O segundo golo do Tottenham, um cabeceamento de Lucas Bergvall, embora não seja estritamente um golo de bola parada, originou-se de um passe longo de Romero. A sua execução, superando o guarda-redes do West Ham, Mads Hermansen, com um cabeceamento na área, destacou ainda mais as jogadas ensaiadas que o treinador Frank está a incutir na equipa.
Na época passada, o desempenho do Tottenham em bolas paradas foi fraco, marcando apenas 10 golos e sofrendo 13, ambos classificando-se entre o terço inferior da Premier League. No entanto, sob Frank, a narrativa está a mudar. No início da atual temporada, já marcaram dois golos de bolas paradas em apenas quatro jogos e, crucialmente, não sofreram nenhum. Embora possam não rivalizar ainda com a reputação de `Set Piece FC` do Arsenal (que já tem cinco golos de bolas paradas), isto marca um progresso significativo.
A equipa continua a ser um trabalho em progresso, particularmente em jogadas de ataque fluido, ajustando-se à ausência de atacantes chave como Heung-min Son (que se mudou para o Los Angeles FC), do médio criativo James Maddison e de Dejan Kulusevski. Este contexto sublinha a importância vital das novas contratações Simons e Kudus. Apesar de um mercado de transferências tumultuoso onde falharam a contratação de jogadores como Morgan Gibbs-White e Eberechi Eze, o Tottenham acabou por garantir um forte conjunto de adições, que já está a mostrar resultados promissores.
A integração destes novos jogadores, especialmente na posse de bola, exigirá tempo. Contudo, uma coisa é certa: o Tottenham não terminará em 17º lugar na liga novamente. Após a vitória na Liga Europa e a saída de Ange Postecoglou durante o verão, as expectativas são altas para os Spurs no seu regresso à Liga dos Campeões. Frank conseguiu um sorteio que inspira confiança, especialmente considerando a sua forma inicial na temporada.

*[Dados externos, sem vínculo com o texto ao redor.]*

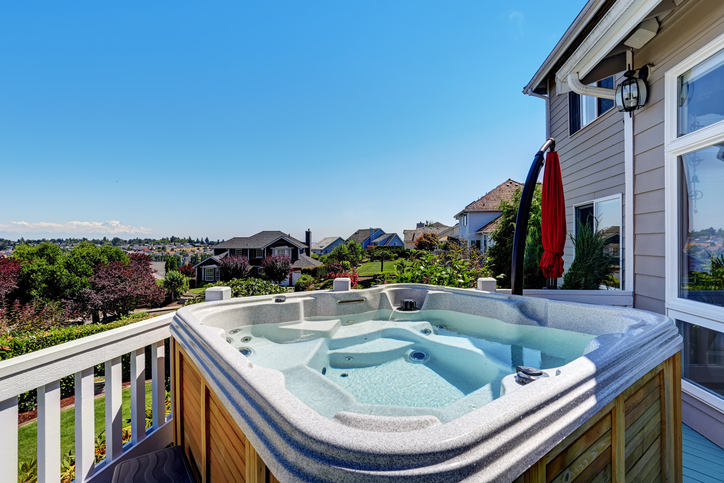 What is the difference between a 220v and a 110v hot tub?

Jogos do Tottenham na Liga dos Campeões
Calendário: Villarreal (casa), Bodo/Glimt (fora), Monaco (fora), Copenhagen (casa), Paris Saint-Germain (fora), Slavia Praha (casa), Borussia Dortmund (casa), Eintracht Frankfurt (fora)
Uma maior solidez defensiva permitirá ao Tottenham iniciar a sua campanha na Liga dos Campeões de forma positiva, particularmente antes do confronto fora de casa com o PSG, e também dará a Frank o tempo necessário para determinar o seu onze inicial ideal. Quando se encontrarem novamente com o lado parisiense, o Tottenham desejará replicar a sua atuação na primeira parte da Supertaça da UEFA, onde assumiram a liderança através de Micky van der Ven, em vez da segunda parte em que desperdiçaram uma vantagem de dois golos.

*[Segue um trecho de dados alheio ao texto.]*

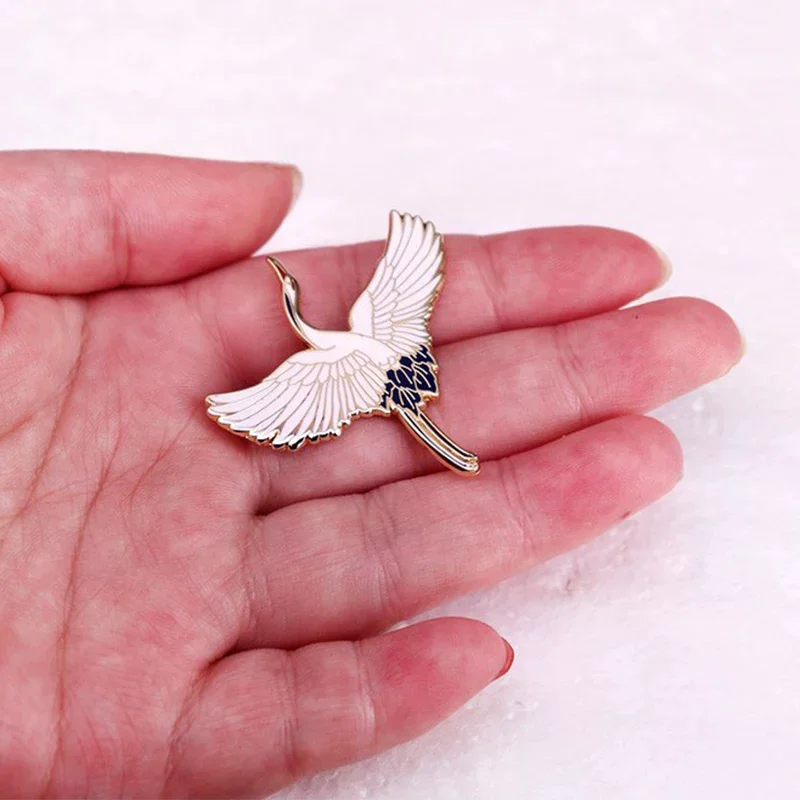 Flying Red-crowned Crane Bird Hard Enamel Pin Animal Badge Brooch For Jewelry Accessory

Este incidente sublinhou o potencial de Frank para guiar o Tottenham eficazmente em múltiplas competições. Agora, o desafio é consolidar este progresso e elevar o clube para o próximo nível. Embora as bolas paradas sejam cruciais, a sinergia contínua entre Kudus e Simons sugere uma equipa pronta para surpreender – não apenas alcançando os oitavos de final da Liga dos Campeões, mas também garantindo um lugar entre os quatro primeiros na Premier League.